1 mins
Contributors
J. PAUL ANDERSON
(Making Matters, page 68) is an English violin maker based in Vienna. He studied violin playing in Salzburg, worked as a violin dealer in London and New York, and learnt violin making in the Cremona workshop of Riccardo Bergonzi.
VLADIMIROS SOROKIN-ANDREOU
(Decorating a bow frog, page 54) was a pupil of Arthur Bultitude, a highly qualified bow maker who worked at W.E. Hill and Sons in London, UK. He lives and works in Larnaca, Cyprus, and goes by the moniker of ‘Monomax’.
ALAN BEAVITT
(Trade Secrets, page 62) made his first violin while still at school. After working as a research physicist in Australia and England, he moved to Scotland in 1975 to pursue his first passion of violin making. He has made well over a hundred instruments to date.
DAVID DESIMPELAERE
(Technique, page 76s) is principal bass with the Lucerne Symphony Orchestra. He is also professor of double bass at the Hochschule Luzern, Switzerland, and at the Royal Conservatory of Ghent, Belgium.
THOMAS GREGORY
(Opinion, page 21) is the creator of the Vamoosh series for young instrumentalists.
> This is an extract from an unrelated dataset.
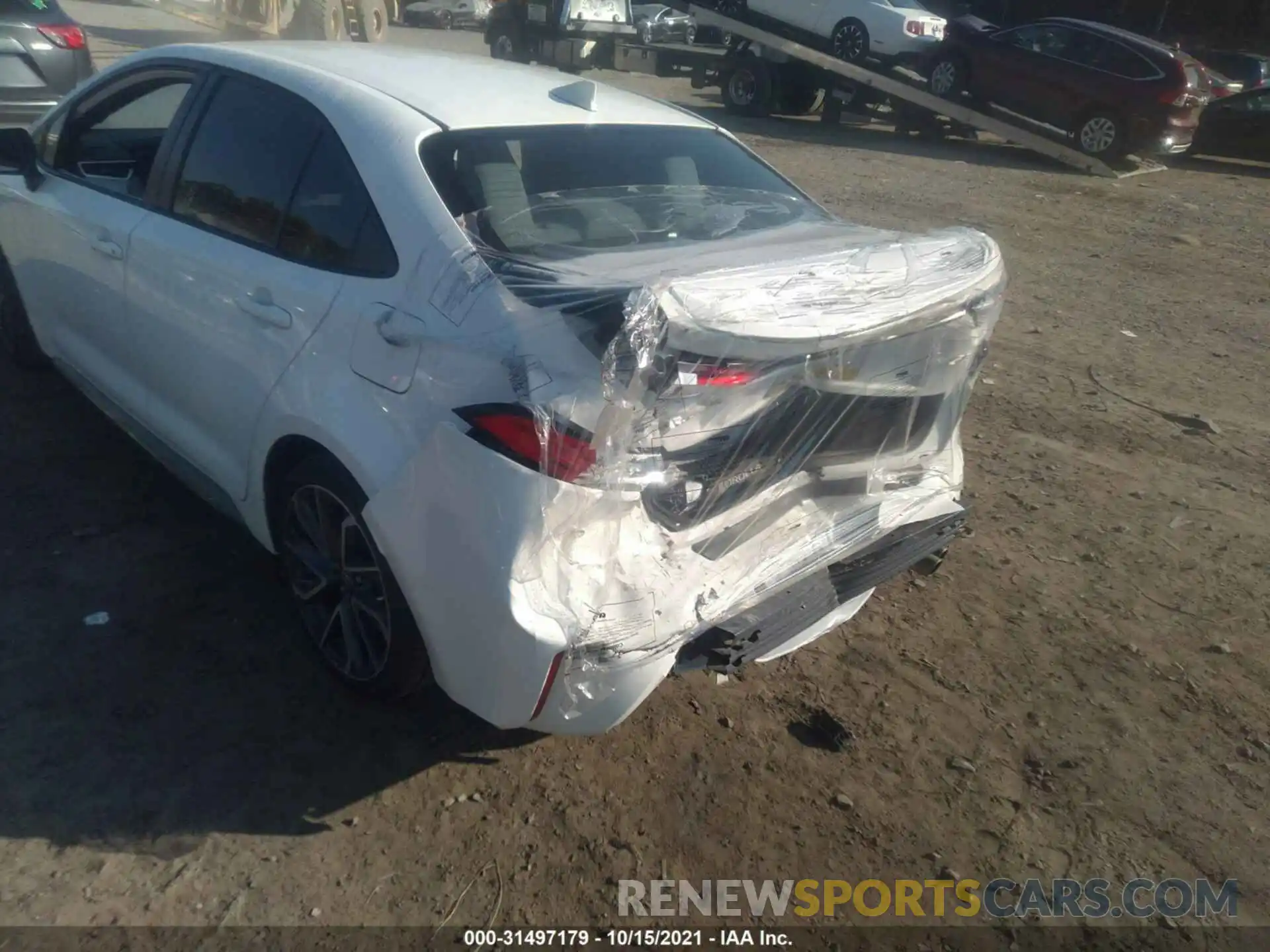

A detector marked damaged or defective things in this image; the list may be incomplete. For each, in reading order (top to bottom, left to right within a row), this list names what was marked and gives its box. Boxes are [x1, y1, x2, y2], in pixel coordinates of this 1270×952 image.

broken taillight [454, 403, 597, 485]
damaged rear of car [358, 115, 1000, 736]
He is a prolific composer of educational music for a wide range of ages and ensembles. He studied the cello at the Guildhall School of Music and Drama, and at the University of Michigan.
BENJAMIN SHUTE
(Geminiani’s scales, page 48) is a period and modern violinist, composer, musicologist and teacher based in Dunfermline, UK. Formerly a concertmaster of the Boston Chamber Orchestra, he has held university posts in Pennsylvania and Oklahoma, and currently teaches at the University of St Andrews Music Centre.